Guillermo había reconocido ya las voces y dirigió una furtiva mirada hacia el lado de la casa. La señorita Milton y el general Moult habían llegado a la valla… A poca distancia de ellos, les seguía el verdulero. Era evidente que el grupito de aquellos niños boquiabiertos había seguido a los Proscritos hasta Ivy Lodge y no había perdido tiempo en informar acerca de su paradero a la señorita Milton y al general Moult.
—¡Cáspita! —exclamó Guillermo, aterrado—. Son la señorita Milton y el general Moult, y el hombre del carro de las verduras… El asno coceó la mesa de té de ella, volcó un cubo de agua sobre la cabeza de él y cogió zanahorias del carro de ese otro, y ahora todos dirán que fue culpa nuestra y…
Pero el señor Anderson se había hecho cargo de la situación.
—Yo lo arreglaré todo con ellos —aseguró—. Os estoy más que agradecido por haber encontrado un asno para los pequeñines de la fiesta «y» para mi nieta.
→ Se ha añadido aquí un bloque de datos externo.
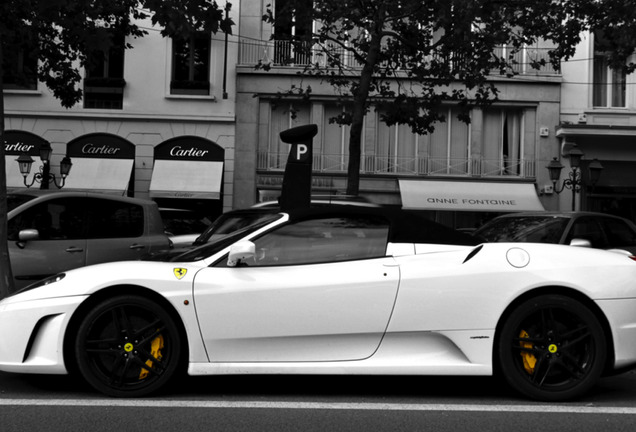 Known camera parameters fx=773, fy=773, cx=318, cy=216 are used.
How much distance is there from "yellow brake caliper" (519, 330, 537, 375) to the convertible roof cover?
2.35 feet

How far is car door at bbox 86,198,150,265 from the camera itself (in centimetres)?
916

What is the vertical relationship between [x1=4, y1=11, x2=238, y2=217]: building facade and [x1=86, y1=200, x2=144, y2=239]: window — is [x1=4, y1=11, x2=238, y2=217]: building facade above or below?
above

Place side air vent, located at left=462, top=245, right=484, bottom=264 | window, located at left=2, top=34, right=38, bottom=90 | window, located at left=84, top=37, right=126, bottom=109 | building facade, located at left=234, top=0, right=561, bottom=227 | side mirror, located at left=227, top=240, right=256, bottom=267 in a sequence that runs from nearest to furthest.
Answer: side mirror, located at left=227, top=240, right=256, bottom=267 → side air vent, located at left=462, top=245, right=484, bottom=264 → window, located at left=2, top=34, right=38, bottom=90 → building facade, located at left=234, top=0, right=561, bottom=227 → window, located at left=84, top=37, right=126, bottom=109

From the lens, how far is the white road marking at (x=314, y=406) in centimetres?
483

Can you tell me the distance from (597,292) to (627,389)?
3.52ft

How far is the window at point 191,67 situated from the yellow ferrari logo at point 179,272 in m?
21.3

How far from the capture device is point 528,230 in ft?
34.1

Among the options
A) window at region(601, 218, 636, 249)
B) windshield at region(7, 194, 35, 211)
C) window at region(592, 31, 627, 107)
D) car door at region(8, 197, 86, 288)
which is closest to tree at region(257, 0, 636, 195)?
window at region(601, 218, 636, 249)

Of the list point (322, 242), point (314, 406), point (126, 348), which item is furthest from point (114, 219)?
point (314, 406)

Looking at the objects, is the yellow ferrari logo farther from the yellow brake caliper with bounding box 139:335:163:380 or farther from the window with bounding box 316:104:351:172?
the window with bounding box 316:104:351:172

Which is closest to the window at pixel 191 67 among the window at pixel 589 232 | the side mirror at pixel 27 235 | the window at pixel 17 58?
the window at pixel 17 58

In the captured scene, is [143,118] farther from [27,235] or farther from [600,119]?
[27,235]

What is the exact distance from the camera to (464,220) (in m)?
25.8

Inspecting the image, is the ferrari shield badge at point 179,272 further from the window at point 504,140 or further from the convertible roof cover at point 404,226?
the window at point 504,140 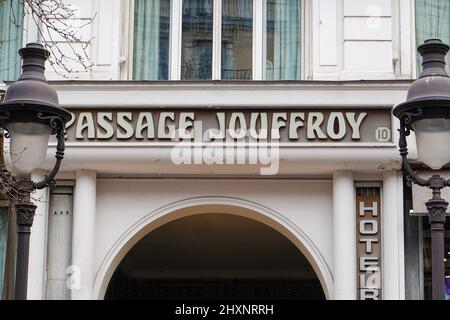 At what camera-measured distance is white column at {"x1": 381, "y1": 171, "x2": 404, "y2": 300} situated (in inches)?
552

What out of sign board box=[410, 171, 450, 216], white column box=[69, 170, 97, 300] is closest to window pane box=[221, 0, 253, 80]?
white column box=[69, 170, 97, 300]

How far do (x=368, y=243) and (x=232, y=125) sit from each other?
2398 millimetres

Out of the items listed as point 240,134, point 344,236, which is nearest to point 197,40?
point 240,134

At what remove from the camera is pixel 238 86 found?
1438cm

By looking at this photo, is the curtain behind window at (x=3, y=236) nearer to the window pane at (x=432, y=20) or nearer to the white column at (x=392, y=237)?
the white column at (x=392, y=237)

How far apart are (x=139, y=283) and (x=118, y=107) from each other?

No os preocupéis. Yo lo arreglaré todo con ellos, pero será mejor que os marchéis sin perder tiempo. La cerca verde al final del jardín conduce al corral y por allí podréis escabulliros.
Aturdidamente, formando un grupo compacto y sin alejarse de la sombra del seto, se dirigieron hacia la cerca verde, acelerando el paso al oír desde la puerta posterior el agudo sonido de la voz de la señorita Milton. Atravesaron el corral y llegaron al camino. Allí se detuvieron para recuperar sus fuerzas.
—Pensé que no dejarían de ocurrir cosas, una tras otra —dijo Enrique.
—Todavía están ocurriendo —agregó Guillermo.
—¿Y qué haremos ahora? —quiso saber Douglas.
—Yo estoy lo que se dice deshecho —manifestó Pelirrojo—. Vayamos a algún lugar a descansar.
Guillermo lanzó un largo y profundo suspiro.
—Vayamos al viejo cobertizo —propuso.